Technology jobs are staying open an average of 25.8 working days in 2016, according to the latest update of the DHI-DFH Mean Vacancy Duration measure.
The measure is based on the Job Openings and Labor Turnover Survey (JOLTS) in the United States, which marks job openings as filled when a job offer for an open position is accepted. (Typically, there is also a lag between the fill date and the new hire’s start date on the job, which isn’t calculated into this measure because it might throw off the results.) In April, the most recent month for which finalized data is available, technology jobs remained open for 24.8 working days, down from a revised 27.3 days in March:
In JOLTS context, the category of Professional and Business Services is used as a dataset; this includes professional, scientific, and technical activities, and incorporates the sub-category of Computer Systems Design and Related Services.
“Nearly half of tech-focused employers told us the time to hire tech professionals has lengthened relative to last year in a recent Dice survey,” said Bob Melk, President of Dice. “When asked, 40 percent of clients said they intend to hire up to 20 percent more professionals in the second half of this year.
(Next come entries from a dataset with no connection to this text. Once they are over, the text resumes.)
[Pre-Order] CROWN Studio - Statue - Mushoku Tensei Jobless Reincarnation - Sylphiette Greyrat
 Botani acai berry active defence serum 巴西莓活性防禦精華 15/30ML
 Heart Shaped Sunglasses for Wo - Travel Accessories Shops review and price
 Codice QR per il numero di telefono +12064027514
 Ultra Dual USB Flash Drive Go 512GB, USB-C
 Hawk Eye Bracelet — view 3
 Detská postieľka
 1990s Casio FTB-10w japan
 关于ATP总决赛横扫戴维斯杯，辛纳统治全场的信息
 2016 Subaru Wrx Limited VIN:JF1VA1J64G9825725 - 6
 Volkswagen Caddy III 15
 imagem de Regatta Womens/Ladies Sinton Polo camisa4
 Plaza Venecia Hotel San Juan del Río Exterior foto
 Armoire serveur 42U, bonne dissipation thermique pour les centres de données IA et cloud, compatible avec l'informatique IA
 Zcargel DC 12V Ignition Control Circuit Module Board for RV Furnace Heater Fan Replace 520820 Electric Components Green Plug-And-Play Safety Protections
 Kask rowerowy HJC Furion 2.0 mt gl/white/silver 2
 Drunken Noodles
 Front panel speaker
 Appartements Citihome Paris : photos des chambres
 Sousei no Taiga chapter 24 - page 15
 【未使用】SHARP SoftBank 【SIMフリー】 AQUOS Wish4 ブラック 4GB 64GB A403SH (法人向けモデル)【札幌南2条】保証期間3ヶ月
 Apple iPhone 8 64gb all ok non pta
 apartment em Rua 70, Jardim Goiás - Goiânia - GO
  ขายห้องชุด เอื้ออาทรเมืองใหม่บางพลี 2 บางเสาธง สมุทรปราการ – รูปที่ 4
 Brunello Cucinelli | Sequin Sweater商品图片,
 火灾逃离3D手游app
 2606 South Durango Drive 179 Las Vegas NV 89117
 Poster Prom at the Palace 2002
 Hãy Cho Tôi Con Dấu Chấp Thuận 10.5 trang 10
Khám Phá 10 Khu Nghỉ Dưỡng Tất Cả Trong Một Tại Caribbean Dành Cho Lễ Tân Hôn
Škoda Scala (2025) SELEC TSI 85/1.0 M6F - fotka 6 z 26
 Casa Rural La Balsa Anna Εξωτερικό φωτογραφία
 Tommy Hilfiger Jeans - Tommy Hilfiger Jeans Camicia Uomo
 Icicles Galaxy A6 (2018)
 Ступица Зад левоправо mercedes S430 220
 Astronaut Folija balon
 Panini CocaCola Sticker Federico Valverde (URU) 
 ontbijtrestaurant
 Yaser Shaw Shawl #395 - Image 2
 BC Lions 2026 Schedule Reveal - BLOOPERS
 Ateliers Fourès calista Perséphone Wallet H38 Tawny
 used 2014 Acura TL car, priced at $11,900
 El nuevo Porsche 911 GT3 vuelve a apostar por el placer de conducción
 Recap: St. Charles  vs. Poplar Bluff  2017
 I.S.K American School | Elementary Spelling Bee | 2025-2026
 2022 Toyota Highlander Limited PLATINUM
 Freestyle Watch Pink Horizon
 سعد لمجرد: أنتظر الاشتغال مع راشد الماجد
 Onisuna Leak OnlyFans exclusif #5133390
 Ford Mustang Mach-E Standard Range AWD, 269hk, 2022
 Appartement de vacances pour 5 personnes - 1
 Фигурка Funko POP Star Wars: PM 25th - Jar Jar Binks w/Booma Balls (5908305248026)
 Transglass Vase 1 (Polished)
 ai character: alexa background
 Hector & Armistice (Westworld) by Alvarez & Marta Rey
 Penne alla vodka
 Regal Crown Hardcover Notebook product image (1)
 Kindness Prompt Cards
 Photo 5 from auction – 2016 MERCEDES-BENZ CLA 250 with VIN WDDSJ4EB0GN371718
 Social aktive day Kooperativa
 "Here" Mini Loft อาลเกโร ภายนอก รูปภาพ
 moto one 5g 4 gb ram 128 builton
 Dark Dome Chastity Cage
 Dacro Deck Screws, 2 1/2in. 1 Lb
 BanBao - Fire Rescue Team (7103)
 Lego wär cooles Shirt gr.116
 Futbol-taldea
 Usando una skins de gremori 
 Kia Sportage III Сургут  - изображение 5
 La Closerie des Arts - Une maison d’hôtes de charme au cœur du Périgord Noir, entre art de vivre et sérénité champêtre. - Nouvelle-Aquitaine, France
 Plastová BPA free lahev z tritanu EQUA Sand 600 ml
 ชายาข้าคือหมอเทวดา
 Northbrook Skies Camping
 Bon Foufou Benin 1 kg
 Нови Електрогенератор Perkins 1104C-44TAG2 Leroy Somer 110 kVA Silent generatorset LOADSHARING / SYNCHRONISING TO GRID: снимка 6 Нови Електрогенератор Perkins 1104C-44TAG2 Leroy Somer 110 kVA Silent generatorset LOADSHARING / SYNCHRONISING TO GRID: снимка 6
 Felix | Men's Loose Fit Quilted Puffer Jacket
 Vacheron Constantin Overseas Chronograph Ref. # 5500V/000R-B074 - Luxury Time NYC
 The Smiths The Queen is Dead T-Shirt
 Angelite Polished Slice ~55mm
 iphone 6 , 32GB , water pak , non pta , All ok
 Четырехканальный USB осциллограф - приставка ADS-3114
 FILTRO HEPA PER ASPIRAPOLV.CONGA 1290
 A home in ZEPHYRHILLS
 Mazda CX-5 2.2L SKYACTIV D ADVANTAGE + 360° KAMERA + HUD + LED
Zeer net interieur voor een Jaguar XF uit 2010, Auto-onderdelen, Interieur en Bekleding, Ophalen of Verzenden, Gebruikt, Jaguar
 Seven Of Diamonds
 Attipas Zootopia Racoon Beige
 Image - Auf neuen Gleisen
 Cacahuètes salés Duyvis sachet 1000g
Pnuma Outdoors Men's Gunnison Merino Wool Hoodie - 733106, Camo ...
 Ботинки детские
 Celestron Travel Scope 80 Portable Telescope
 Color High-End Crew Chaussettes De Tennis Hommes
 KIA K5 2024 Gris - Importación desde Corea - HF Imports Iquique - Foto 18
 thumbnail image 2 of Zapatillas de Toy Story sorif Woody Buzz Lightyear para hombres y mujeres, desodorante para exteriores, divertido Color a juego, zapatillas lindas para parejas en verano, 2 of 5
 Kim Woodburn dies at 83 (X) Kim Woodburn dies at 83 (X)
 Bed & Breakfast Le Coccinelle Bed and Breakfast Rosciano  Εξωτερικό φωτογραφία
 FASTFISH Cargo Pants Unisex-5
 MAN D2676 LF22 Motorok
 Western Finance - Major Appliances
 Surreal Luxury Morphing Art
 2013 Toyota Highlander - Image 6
But this won’t be easy as many say there are positions they are unable to fill due to salary requirements, which also lengthens the hiring process.”
The DHI-DFH Recruiting Intensity index, which includes actions by employers to fill a job (including payments on help-wanted ads, certain recruiting methods, and more), saw the intensity of companies to fill tech jobs dip to 0.99 in April from 1.01 in March.
The DHI Hiring Indicators is a collaboration between DHI and Dr. Steven Davis, William H. Abbott Professor of International Business and Economics at the University Of Chicago Booth School Of Business and a Visiting Fellow at the Hoover Institution.